Q1: QAvatar shows a slight improvement in data efficiency (as shown in Figure 1); however, it still requires a similar amount of training time as SAC, which learns from scratch. Since QAvatar involves training in both the source and target domains, it doubles the training time compared to SAC, which may achieve similar performance without requiring as much training time. This makes the claim of improved data efficiency questionable.

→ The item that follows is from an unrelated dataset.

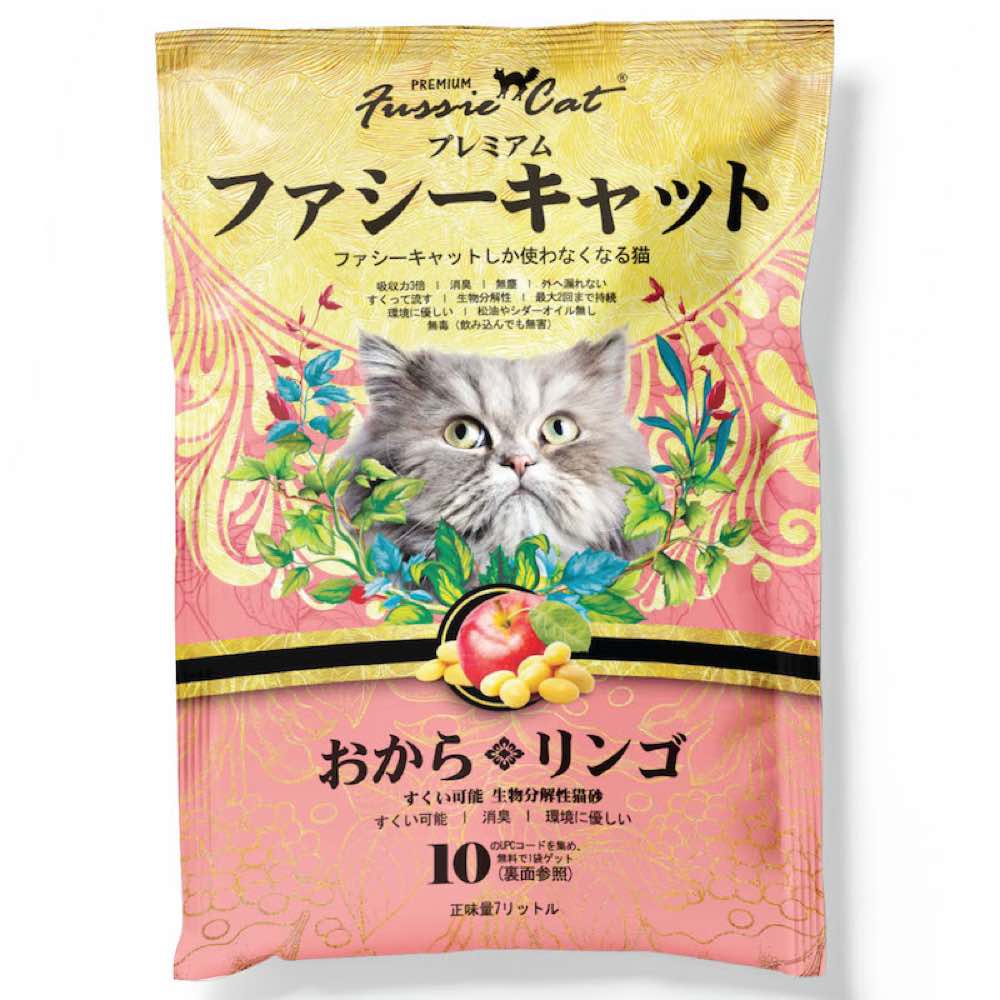 Fussie Cat Apple Soybean Cat Litter 7L - Kohepets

A1: Thank you for the thoughtful feedback. In the context of cross-domain transfer for RL, there are two major ways to measure the improvement in data efficiency:
- Asymptotic total reward performance: To provide a more reliable statistical analysis of asymptotic performance, we follow the general methodology proposed by [Agarwal et al., 2021] and calculate the Interquartile Mean (IQM) using rliable (https://github.com/google-research/rliable). This approach enables better evaluation of results at an aggregated level. Due to the varying reward ranges in different environments, we normalized the total reward to the range [0,1] in each environment to allow comparisons across environments.(https://imgur.com/a/65TrGGM and also in Figure F.2 in Appendix F) shows the aggregated IQMs for all environments, including 95% stratified bootstrap confidence intervals. From the results, we observe that QAvatar achieves significantly better asymptotic performance compared to SAC trained from scratch.
- Time to thresholds: This evaluation metric measures the number of environment steps needed to reach a certain level of performance. We summarize this in the table below (also in Section C.4 in Appendix C).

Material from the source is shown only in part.